[[ Provided records, beginning ]]

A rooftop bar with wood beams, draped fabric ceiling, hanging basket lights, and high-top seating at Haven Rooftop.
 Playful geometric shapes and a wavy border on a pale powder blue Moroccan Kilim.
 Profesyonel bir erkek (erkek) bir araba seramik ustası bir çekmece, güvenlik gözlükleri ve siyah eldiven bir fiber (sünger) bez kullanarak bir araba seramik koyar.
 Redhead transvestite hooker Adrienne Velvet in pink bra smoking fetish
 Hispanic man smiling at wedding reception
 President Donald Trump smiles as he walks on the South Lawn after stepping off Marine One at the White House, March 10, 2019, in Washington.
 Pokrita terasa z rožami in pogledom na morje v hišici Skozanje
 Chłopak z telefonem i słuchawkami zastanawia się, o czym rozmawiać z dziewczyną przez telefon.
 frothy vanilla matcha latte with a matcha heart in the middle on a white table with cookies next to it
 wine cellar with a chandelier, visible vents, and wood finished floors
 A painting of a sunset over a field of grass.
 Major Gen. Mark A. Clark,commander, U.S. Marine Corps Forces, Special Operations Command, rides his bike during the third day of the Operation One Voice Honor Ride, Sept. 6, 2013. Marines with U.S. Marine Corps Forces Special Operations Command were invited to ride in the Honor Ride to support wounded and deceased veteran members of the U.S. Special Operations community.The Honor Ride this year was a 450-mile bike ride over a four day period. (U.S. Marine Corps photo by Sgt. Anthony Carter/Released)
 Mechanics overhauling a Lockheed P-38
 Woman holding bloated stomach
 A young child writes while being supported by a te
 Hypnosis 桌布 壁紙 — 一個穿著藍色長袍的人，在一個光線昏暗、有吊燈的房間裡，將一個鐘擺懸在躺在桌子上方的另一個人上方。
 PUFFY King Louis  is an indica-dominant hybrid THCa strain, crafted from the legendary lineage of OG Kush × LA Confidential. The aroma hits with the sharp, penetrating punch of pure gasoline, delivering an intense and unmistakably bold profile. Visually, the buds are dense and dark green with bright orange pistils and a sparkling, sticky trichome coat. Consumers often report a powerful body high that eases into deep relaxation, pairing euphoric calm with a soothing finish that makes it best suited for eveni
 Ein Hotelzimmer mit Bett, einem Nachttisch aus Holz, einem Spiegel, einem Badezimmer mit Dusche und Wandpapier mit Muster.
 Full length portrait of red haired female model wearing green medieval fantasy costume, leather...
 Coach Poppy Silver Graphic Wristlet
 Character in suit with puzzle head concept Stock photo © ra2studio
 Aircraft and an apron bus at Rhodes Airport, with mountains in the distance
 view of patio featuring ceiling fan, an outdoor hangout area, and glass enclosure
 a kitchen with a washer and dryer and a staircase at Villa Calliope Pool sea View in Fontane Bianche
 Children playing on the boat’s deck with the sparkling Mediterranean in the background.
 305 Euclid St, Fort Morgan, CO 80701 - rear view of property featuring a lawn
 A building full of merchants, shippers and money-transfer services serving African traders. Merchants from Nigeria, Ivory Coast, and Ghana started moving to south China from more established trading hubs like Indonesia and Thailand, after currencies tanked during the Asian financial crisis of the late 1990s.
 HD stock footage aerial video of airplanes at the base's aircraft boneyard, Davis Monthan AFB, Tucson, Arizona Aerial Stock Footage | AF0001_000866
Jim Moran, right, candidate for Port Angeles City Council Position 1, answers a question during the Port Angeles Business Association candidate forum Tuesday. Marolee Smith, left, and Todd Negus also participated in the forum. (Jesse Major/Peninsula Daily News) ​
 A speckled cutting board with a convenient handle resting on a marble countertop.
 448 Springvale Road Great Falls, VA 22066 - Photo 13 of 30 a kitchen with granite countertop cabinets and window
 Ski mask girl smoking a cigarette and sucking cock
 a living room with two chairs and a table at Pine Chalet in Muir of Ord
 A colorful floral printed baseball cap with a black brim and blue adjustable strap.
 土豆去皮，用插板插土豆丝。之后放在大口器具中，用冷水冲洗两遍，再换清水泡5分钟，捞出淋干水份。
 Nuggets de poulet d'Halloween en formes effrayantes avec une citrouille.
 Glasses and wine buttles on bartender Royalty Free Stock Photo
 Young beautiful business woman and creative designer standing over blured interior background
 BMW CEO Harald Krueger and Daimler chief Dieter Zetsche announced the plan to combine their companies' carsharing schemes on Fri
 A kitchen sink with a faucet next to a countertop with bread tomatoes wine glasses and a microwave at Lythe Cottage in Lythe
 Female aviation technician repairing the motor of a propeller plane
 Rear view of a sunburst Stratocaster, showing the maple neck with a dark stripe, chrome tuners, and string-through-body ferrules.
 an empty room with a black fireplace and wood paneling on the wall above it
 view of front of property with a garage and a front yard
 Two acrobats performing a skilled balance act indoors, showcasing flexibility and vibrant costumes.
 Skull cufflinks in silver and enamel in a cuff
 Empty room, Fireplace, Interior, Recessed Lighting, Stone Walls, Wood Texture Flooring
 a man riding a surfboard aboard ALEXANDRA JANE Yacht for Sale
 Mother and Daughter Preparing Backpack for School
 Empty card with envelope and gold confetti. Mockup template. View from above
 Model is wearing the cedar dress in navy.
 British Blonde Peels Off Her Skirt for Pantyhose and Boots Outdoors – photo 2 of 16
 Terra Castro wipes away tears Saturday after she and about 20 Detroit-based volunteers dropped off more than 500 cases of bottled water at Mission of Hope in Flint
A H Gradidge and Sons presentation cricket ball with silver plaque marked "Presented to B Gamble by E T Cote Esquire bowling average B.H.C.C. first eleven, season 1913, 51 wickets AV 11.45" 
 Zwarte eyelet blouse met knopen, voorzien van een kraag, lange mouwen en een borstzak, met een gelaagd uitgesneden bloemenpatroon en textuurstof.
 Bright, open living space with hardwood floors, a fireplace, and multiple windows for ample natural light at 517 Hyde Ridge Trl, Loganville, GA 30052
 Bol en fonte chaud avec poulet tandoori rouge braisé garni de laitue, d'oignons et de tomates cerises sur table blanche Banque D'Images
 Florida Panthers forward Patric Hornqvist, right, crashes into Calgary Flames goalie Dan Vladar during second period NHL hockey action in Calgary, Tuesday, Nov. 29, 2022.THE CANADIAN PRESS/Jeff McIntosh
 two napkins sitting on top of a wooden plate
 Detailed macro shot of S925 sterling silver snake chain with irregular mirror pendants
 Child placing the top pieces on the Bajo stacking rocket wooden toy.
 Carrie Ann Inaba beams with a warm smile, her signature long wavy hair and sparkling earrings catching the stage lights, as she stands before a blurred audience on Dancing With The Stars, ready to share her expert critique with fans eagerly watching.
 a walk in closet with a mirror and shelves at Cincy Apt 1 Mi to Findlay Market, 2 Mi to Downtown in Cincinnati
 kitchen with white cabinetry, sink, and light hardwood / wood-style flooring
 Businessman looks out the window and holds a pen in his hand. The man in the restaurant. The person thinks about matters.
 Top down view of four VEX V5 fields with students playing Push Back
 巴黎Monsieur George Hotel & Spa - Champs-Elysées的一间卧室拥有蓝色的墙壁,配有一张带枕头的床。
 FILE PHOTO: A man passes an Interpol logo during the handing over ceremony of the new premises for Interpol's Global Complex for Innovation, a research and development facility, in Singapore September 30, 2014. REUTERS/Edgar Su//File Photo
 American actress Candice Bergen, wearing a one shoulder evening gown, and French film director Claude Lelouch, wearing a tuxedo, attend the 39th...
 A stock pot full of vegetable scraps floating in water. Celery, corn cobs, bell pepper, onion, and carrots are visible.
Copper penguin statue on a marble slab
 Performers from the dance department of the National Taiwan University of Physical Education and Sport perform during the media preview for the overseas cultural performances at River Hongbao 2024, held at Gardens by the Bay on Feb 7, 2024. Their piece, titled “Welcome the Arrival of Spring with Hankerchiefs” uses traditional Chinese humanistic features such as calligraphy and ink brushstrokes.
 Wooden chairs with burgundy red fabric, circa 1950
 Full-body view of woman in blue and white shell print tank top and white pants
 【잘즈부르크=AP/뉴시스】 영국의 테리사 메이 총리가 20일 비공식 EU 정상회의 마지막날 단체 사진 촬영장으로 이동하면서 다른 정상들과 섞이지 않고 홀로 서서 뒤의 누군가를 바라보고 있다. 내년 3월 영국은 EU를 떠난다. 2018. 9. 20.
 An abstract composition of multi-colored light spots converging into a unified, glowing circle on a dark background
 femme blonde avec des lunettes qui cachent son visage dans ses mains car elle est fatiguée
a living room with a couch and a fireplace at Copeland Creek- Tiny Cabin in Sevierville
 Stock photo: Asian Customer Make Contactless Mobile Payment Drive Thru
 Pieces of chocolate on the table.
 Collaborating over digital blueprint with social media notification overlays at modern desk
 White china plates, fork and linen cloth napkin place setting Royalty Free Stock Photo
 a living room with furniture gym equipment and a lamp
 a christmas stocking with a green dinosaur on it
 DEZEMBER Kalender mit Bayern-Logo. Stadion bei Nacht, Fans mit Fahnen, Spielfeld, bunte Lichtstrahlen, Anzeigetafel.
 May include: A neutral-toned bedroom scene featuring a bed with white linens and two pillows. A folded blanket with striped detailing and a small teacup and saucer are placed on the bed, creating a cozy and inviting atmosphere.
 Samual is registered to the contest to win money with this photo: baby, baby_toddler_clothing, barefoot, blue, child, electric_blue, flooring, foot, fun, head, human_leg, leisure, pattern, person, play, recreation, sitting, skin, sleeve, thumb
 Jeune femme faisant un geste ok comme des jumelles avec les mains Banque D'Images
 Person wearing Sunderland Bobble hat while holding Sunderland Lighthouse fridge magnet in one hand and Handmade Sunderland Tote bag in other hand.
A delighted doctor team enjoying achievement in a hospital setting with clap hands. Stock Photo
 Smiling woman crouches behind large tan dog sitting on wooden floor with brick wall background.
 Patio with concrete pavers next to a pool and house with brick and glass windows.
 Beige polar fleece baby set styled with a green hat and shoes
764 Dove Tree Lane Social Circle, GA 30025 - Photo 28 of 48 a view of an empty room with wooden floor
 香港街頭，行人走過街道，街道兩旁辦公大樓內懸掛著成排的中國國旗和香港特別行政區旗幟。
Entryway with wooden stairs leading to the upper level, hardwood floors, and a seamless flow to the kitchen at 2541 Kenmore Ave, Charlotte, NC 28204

[[ Provided records, end ]]

**Requirement:** Copy all lines of the material above where the string "marble" occurs.

**Answer space:**
 A speckled cutting board with a convenient handle resting on a marble countertop.
Copper penguin statue on a marble slab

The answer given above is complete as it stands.